## **Timing Driven Power Gating**

De-Shiuan Chiou\*, Shih-Hsin Chen\*, Shih-Chieh Chang\*, and Chingwei Yeh\*\*

\*Department of CS, National Tsing Hua University, Hsinchu, Taiwan, R.O.C.

\*\* Department of EE, National Chung Cheng University, Chiayi, Taiwan, R.O.C.

## ABSTRACT

Power Gating is effective for reducing leakage power. Previously, a Distributed Sleep Transistor Network (DSTN) was proposed to reduce the sleep transistor area by connecting all the virtual ground lines together to minimize the Maximum Instantaneous Current (MIC) through sleep transistors. In this paper, we propose a new methodology for determining the size of sleep transistors for the DSTN structure. We present novel algorithms and theorems for efficiently estimating a tight upper bound of the voltage drop. We also present efficient heurists for minimizing the sizes of sleep transistors. Our experimental results are very exciting.

## **Categories and Subject Descriptors**

B.8.2 [Performance and Reliability]: Performance Analysis and Design Aids

## **General Terms**

Performance, Design

## Keywords

Leakage Current, Power Gating, IR Drop

## **1. INTRODUCTION**

Sub-threshold leakage in standby mode is an important concern for many mobile designs that rely on low threshold devices to maintain operating speed under low supply voltages. One of the most effective ways to reduce the leakage is applying the multithreshold-voltage CMOS (MTCMOS) technique. In the technique, a high Vt transistor, called the sleep transistor or power gate, is placed in series to the low Vt device as shown in Figure 1. The sleep transistor is turned off in standby mode to reduce leakage power, and turned on in active mode to maintain functionality while preserving timing constraints [7][9][10][11][12][13].

Three different ways of deploying sleep transistors have been proposed in the past. In the *module-based* design, a single sleep transistor is employed to support the power gating of the whole design [6][9]. In the *cluster-based* design in Figure 2(a), a circuit is decomposed into several clusters, and each cluster is connected to one *local* sleep transistor [1]. Finally, in the *distributed* design called *DSTN* in Figure 2(b), the cluster-based sleep transistor deployment is enhanced by connecting all the virtual ground lines

*DAC 2006*, July 24–28, 2006, San Francisco, California, USA. Copyright 2006 ACM 1-59593-381-6/06/0007...\$5.00.

together, thus allowing the current from one cluster to flow through all sleep transistors [8]. In this way, the discharging current among the sleep transistors tends to be balanced. It has been demonstrated [8] that due to the balancing effect, DSTN consistently outperforms previous works.



Figure 1: MTCMOS circuit scheme.

Nonetheless, DSTN greatly complicates a design decision that has always been one of the central themes of sleep transistor designs: transistor sizing. In its original form, the sizing of sleep transistors faces two opposing criteria.
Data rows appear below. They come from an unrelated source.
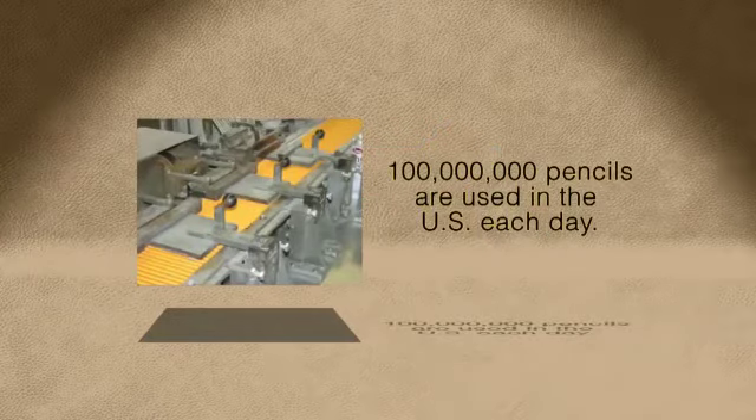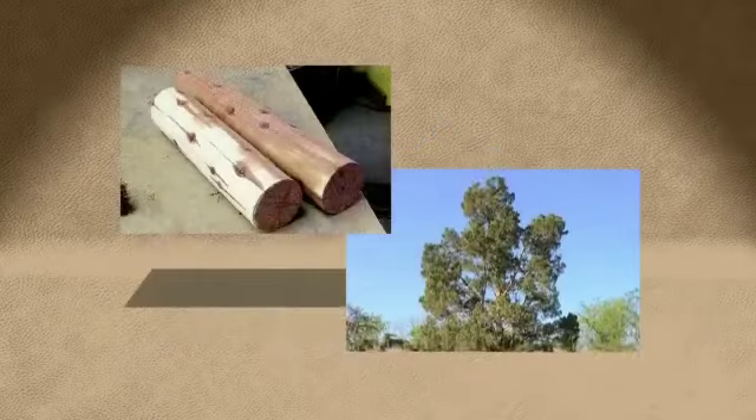Today, over 100 million wooden pencils are produced each day in the United States alone.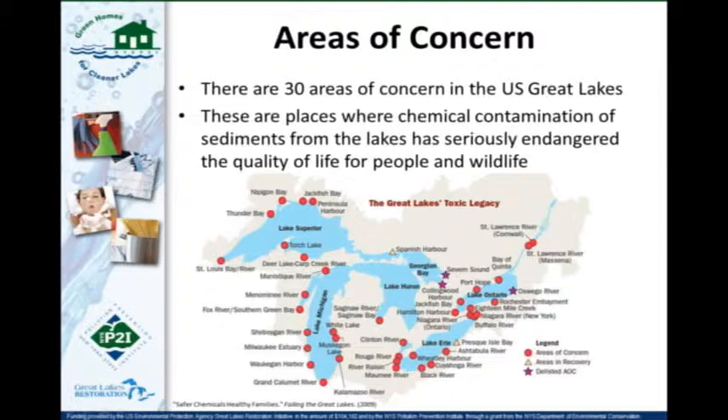Just like the other webinars in our series, this Green Homes for Cleaner Lakes series is sponsored by both the Pollution Prevention Institute and the U.S. EPA through the Great Lakes Restoration Initiative. The goal of the webinars and in-person workshops is to educate consumers about things we can do at home that are affecting water quality. This map shows the 30 areas of concern in the U.S. Great Lakes Basin — areas where chemical contamination has endangered wildlife, people, or both — and the ultimate goal is to eliminate or delist these areas of concern.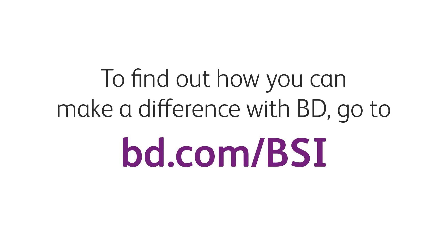To find out how you can make a difference by partnering with BD, go to BD.com.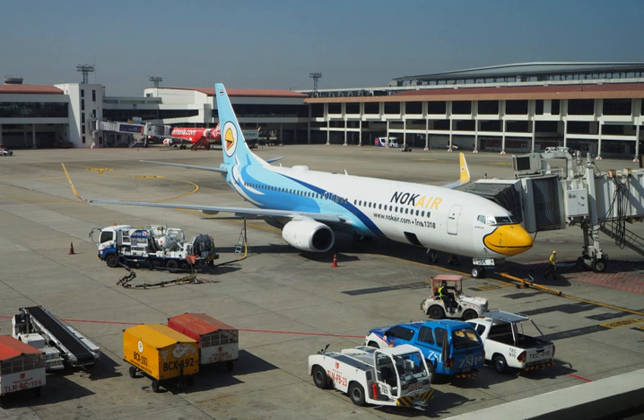Jet A specification fuel has been used in the United States since the 1950s and is usually not available outside the United States and a few Canadian airports such as Toronto and Vancouver, whereas Jet A-1 is the standard specification fuel used in the rest of the world, other than former Soviet states where TS-1 is the most common standard. Both Jet A and Jet A-1 have a flash point higher than 38 degrees Celsius, with an auto-ignition temperature of 210 degrees Celsius.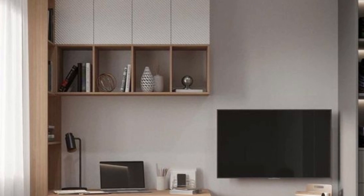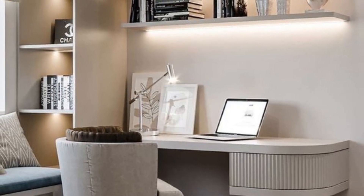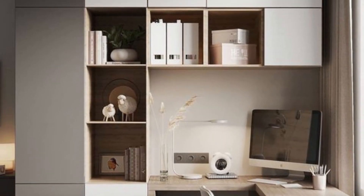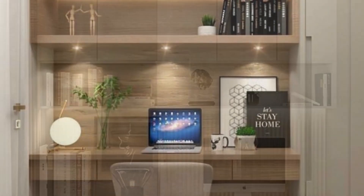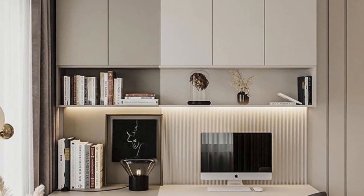Natural light is a key component, with large windows or strategically placed mirrors to amplify the sense of openness. Technology integration is seamless, with charging stations and smart lighting systems that adapt to the user's needs. Personalization is at the forefront.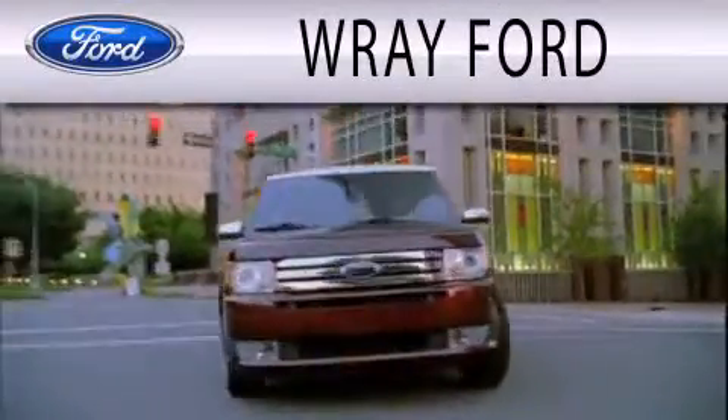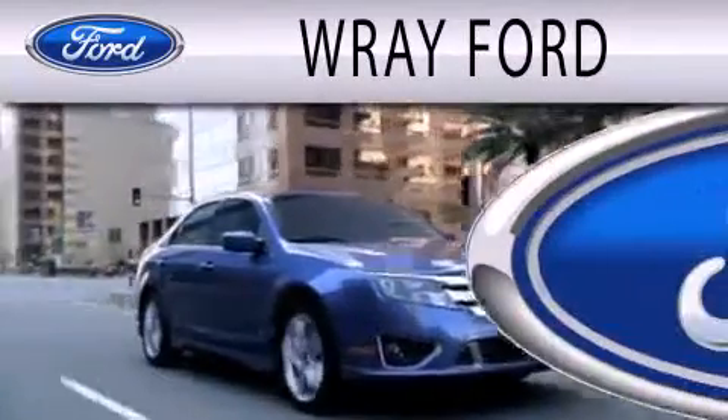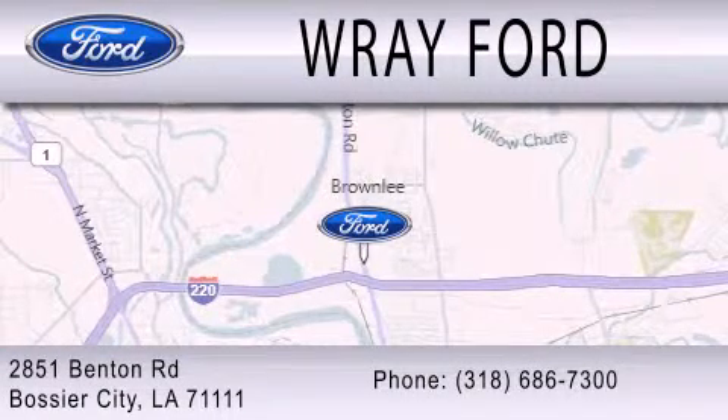Ray Ford is dedicated to doing everything possible to ensure that the experience you have selecting your next vehicle is as pleasant as possible. We are located at 2851 Benton Road in Basler City.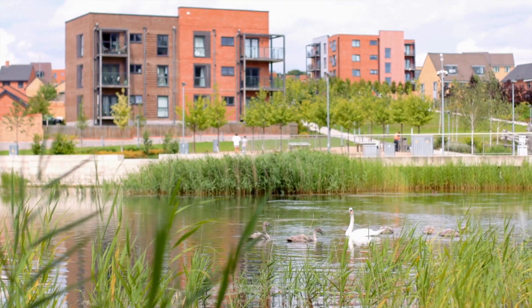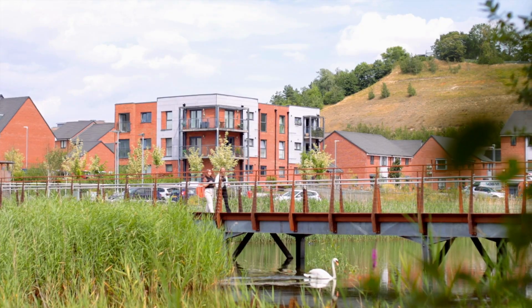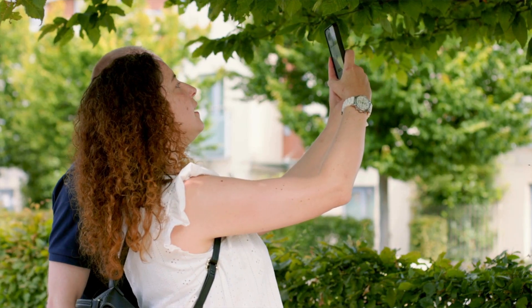We are in Ebbsfleet Garden City. This landscape's been modified for hundreds and hundreds of years, and yet we come here and we find all these habitats which are, in the context of the UK, rare and very valuable for wildlife.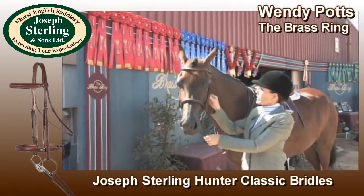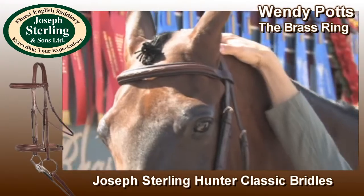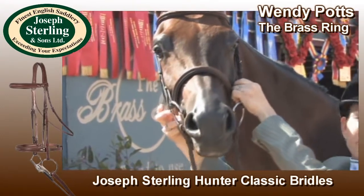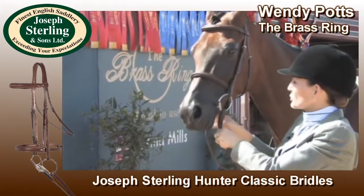I love the way it fits the horse. There's a cutout for their ears, and there's padding that goes over the poll. It's adjustable on both sides of the cavesson as well as for the bit. It fits all the horses really well.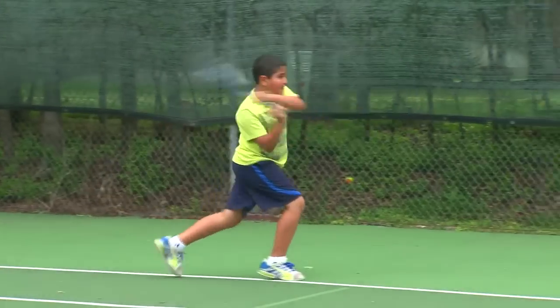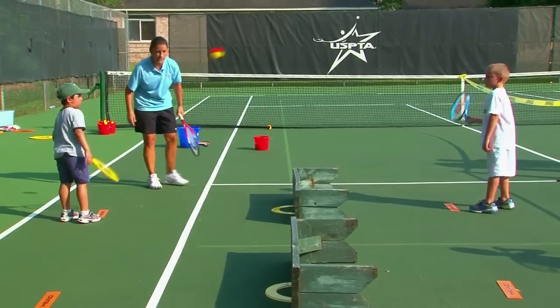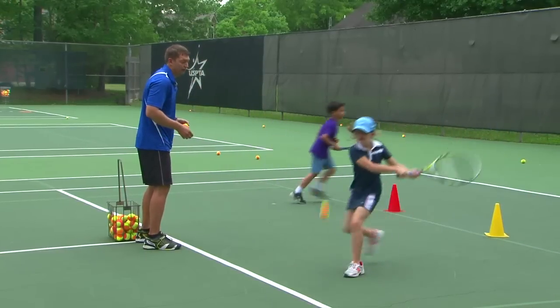The days of simply waiting in line to hit a ball are over. Young kids need constant movement and constant action. Ten and Under Tennis keeps coaches interacting and guiding kids on a whole new level, which keeps them engaged.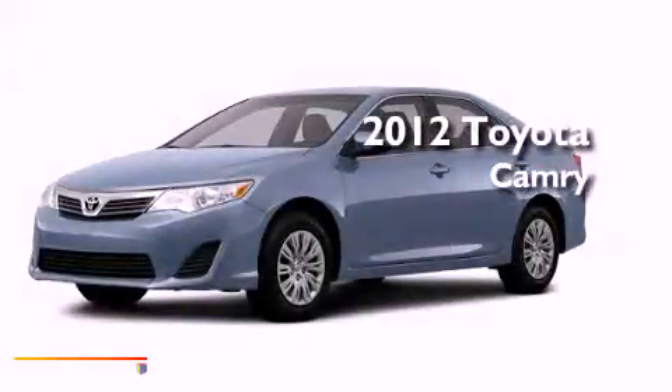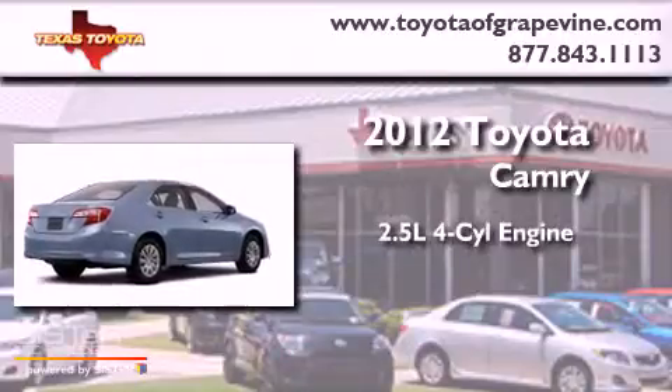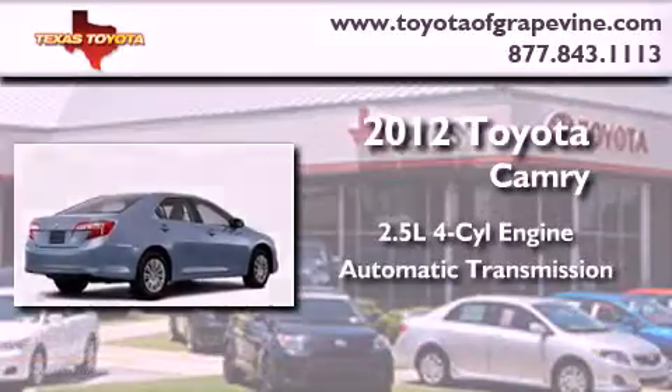This is a brand new 2012 Toyota Camry. It has a 2.5-liter four-cylinder engine and an automatic transmission.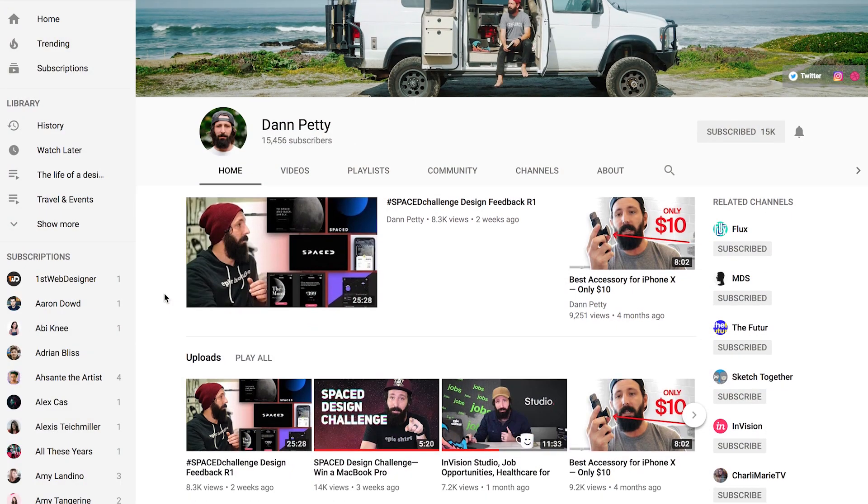There's another designer here on YouTube called Dan Petty. He's been running a design challenge. He created this fictional space travel company and gave a brief for people to design a logo, a homepage, and also an app.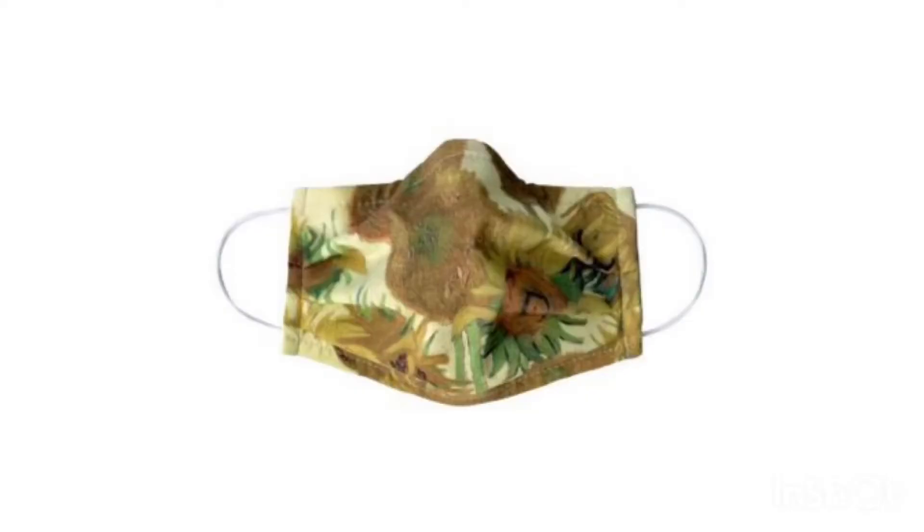Number seven: the brilliant National Gallery is selling its own range of art-inspired face masks. They've got Van Gogh sunflowers, they've got flowers in a vase — they're £9.50 each and obviously the proceeds go towards the National Gallery. They need a bit of help right now because they've been shut for a while, so go and support them.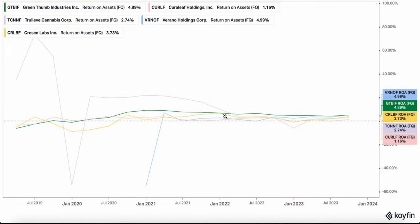Return on assets: Verano's at the top of the pack, then you have Green Thumb — they're both sitting at roughly 5%. Then Cresco, then True Leaf, and then Curaleaf. But they're all positive, so that's good.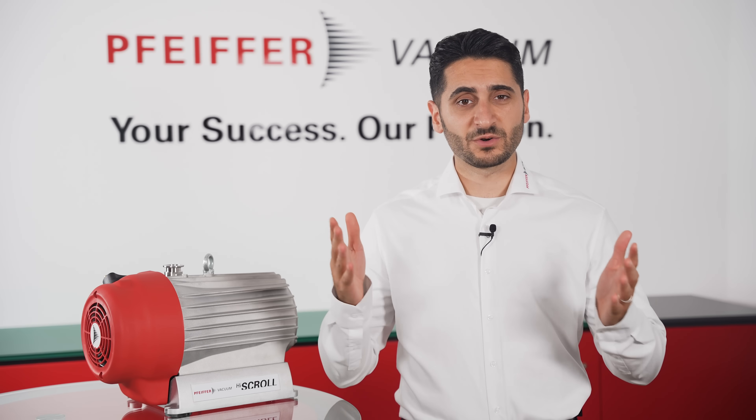And the best part? The High Scroll pump is in stock and ready to ship. Do not wait — this is a limited offer until the end of this year. Upgrade to the most advanced scroll pump today.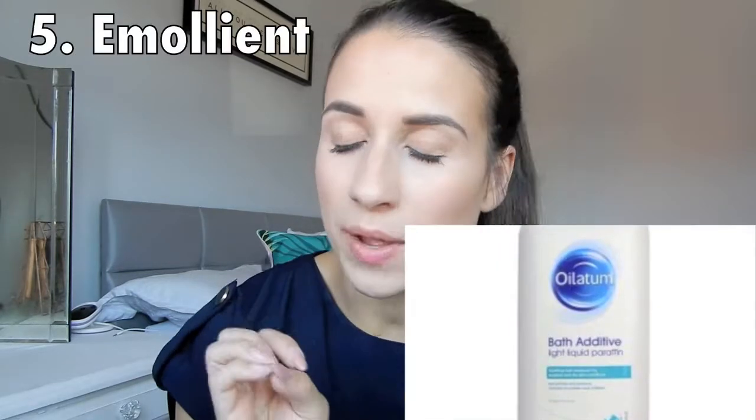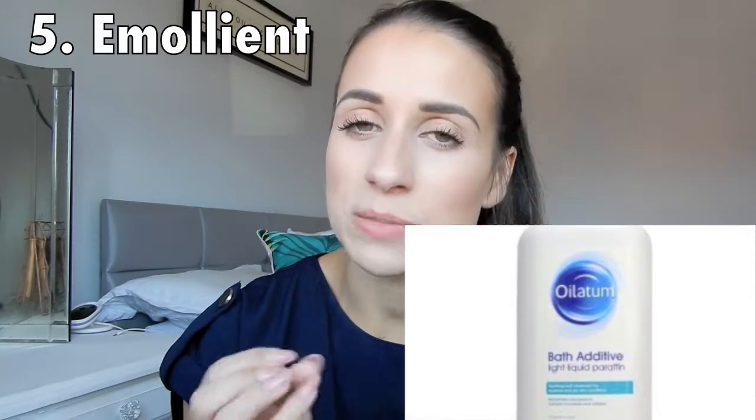The next thing we found really useful is emollients — basically oil-based products designed to keep that moisture in. We used the Oilatum range, which was actually prescribed to us by the doctor. You can use it in a liquid form, adding capsules to the bath, and also in a cream form to apply after a bath. These have been really useful for us and are one of the only things, along with the hydrocortisone cream the doctor gave us, that actually worked to cure a flare-up. I would definitely check out the Oilatum range — it's sold in Boots and isn't too expensive.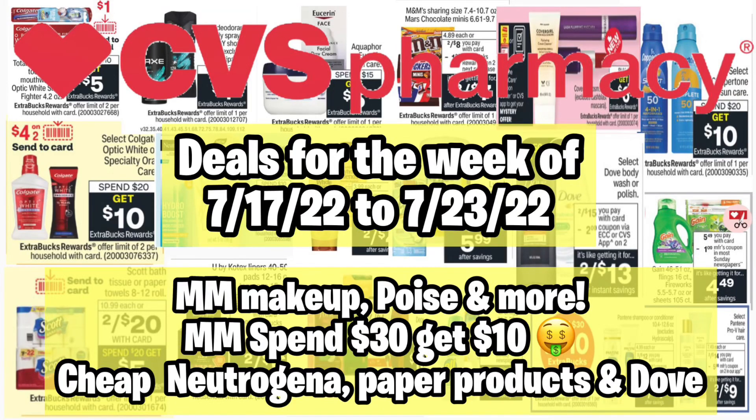Hello everybody and welcome back to Shanika Owens TV. In this video I will be sharing the CVS deals starting July 17th through July 23rd. This is another slow week at CVS, but I hope we all get some CRTs to take advantage of these deals. I did manage to find moneymaker makeup, Poise, and more — we finally have a moneymaker on the spend $30 get $10 deal.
On the one hand, the leakage current through the sleep transistor is proportional to the size of the sleep transistor during standby mode, and hence, sleep transistors should be small enough to bound the leakage. On the other hand, the normal current flowing through sleep transistors during active mode will produce voltage drop that degrades the operating speed of the circuit. Since the voltage drop is *inversely* proportional to the size of the sleep transistors, sleep transistors should be large enough to bound the voltage drop and therefore to bound performance penalty.

The two opposing criteria were dealt with in previous works [1][6][8][9] as follows. First, the maximum instantaneous current (MIC) of the whole circuit and the MICs of clusters are obtained. The MIC's information and the prescribed voltage drop are used to determine the sizes of sleep transistors. Although more accurate bonding between the MIC and the voltage drop can always be obtained by extensive simulation using tools such as Nanosim, the procedure is too slow to be practical because of many time-consuming simulations.

We propose a new methodology to determine the size of sleep transistors for the DSTN structure and present algorithms and theorems for efficiently estimating a tight upper bound of the voltage drop. The tight upper bound can be used to assure the performance penalty of inserting sleep transistors, thus simplifying the sizing of the sleep transistors. Accordingly, efficient heurists to minimize the size of sleep transistors are proposed. Experimental results show that our method not only can achieve the voltage constraints but also have small size of sleep transistors.

Permission to make digital or hard copies of all or part of this work for personal or classroom use is granted without fee provided that copies are not made or distributed for profit or commercial advantage and that copies bear this notice and the full citation on the first page. To copy otherwise, or republish, to post on servers or to redistribute to lists, requires prior specific permission and/or a fee.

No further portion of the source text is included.